Average cost of cars over year (Data is an approximation due to massive amount of NULL MSRP values)

This chart shows the average cost of electric car sales per year. In 2008, there were barely any electric car sales, but had a staggering $94,000 average pricetag. Initial electric car sales were expensive because there was barely a market for them. Electric cars were not mainstream, so mainstream brands ignored them. The highest point in the graph is 2011 at a staggering $109,000.

One year later in 2012 when Nissan took market dominance, they dropped the price to $64,000. This would stay level for 2 years until new people entered the market.

The lowest point in the graph coincides with when 10 companies were all desperate for market dominance. They all began undercutting eachothers prices bringing the lowest point to $32,280. Additionally, in 2016 hybrid electric vehicles still had ~31% of market share.

The graph finishes off in 2020 at ~$81,000. This coincides with when Tesla took market dominance with a 60% market share.
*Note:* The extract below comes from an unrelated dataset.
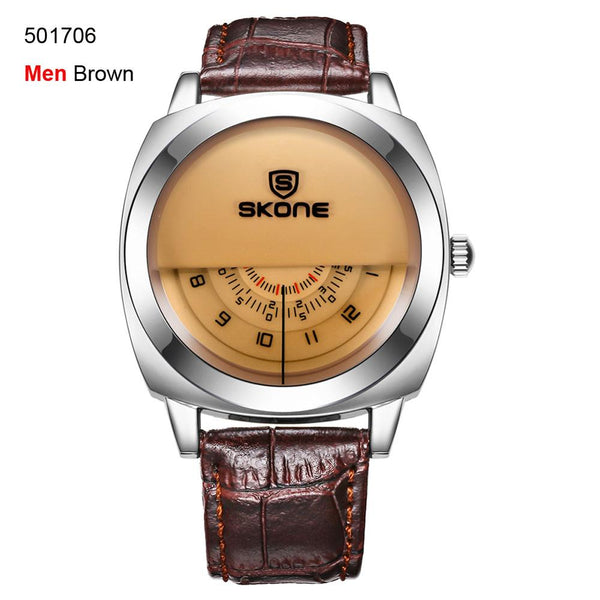 2016 Hot!Casual SKONE Genuine Men & Women Brand Wristwatches Special design Military Leather Sports Watch Relogio Masculino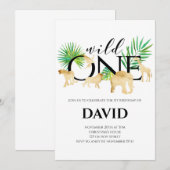 WILDE EEN jongen 1 geboorte Oerwoud goudvee Kaart (Voorkant / Achterkant)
# Creating the cost by year dataframe
cost <- df %>%
  mutate(year = `Model Year`) %>%
  filter(`Base MSRP`>0) %>%
  group_by(year) %>%
  dplyr::summarise(AverageCost = mean(`Base MSRP`, na.rm = TRUE),
            CarCount = n()
  ) %>%
  data.frame()

# Reordering the cost
cost <- cost[order(-cost$year),]


# Getting rid of unique outliers with low sales
aveCost <- cost %>%
  filter(CarCount>5)


# Creating logic for the low and high point in the graph
hi_lo <- aveCost %>%
  filter(AverageCost == min(AverageCost) | AverageCost == max(AverageCost)) %>%
  data.frame()


ggplot(aveCost, aes(x=year, y=AverageCost)) +
  geom_line(color='black', linewidth=1) +
  geom_point(shape=21, size=4, color='red', fill='white') +
  labs(x="Year", y="Average Electric Car Cost", title="Electric Car Cost by Year", caption="Source: Washington Electric Cars (Kaggle)") +
  scale_y_continuous(labels=comma) +
  theme_light() +
  theme(plot.title = element_text(hjust = 0.5)) +
  geom_point(data = hi_lo, aes(x = year, y=AverageCost),shape=21, size=4, fill='red', color='white') +
  geom_label_repel(aes(label= ifelse(AverageCost==max(AverageCost) | AverageCost == min(AverageCost),scales::comma(AverageCost), "")),
                   box.padding = 1,
                   point.padding = 1,
                   size=4,
                   color="Grey50",
                   segment.color = 'darkblue')

Conclusion

Over the past decade, the electric vehicle market in Washington has seen dramatic shifts. Starting initially with just 4 companies and around a thousand sales, it exploded over the decade. Tesla beat out the competition and took market dominance. The Tesla Model Y sold 16,566 models in 2023. The closest competitor was Volkswagen with 1,956 sales in 2023. Battery size/distance has increased through the years, the biggest battery is in the Tesla Model S at 333.5 miles. Hybrids initially outnumbered the Battery Electric Vehicles, but eventually the BEVs won out, vastly outnumbering the hybrids. The average cost of electric cars was initially above 100,000 in 2011, and then dropped down to 32,280 in 2016 as competition intensified. The cost rose back up to ~80,000 in 2020. These graphs highlight the dynamic and rapidly evolving landscape of the EV market.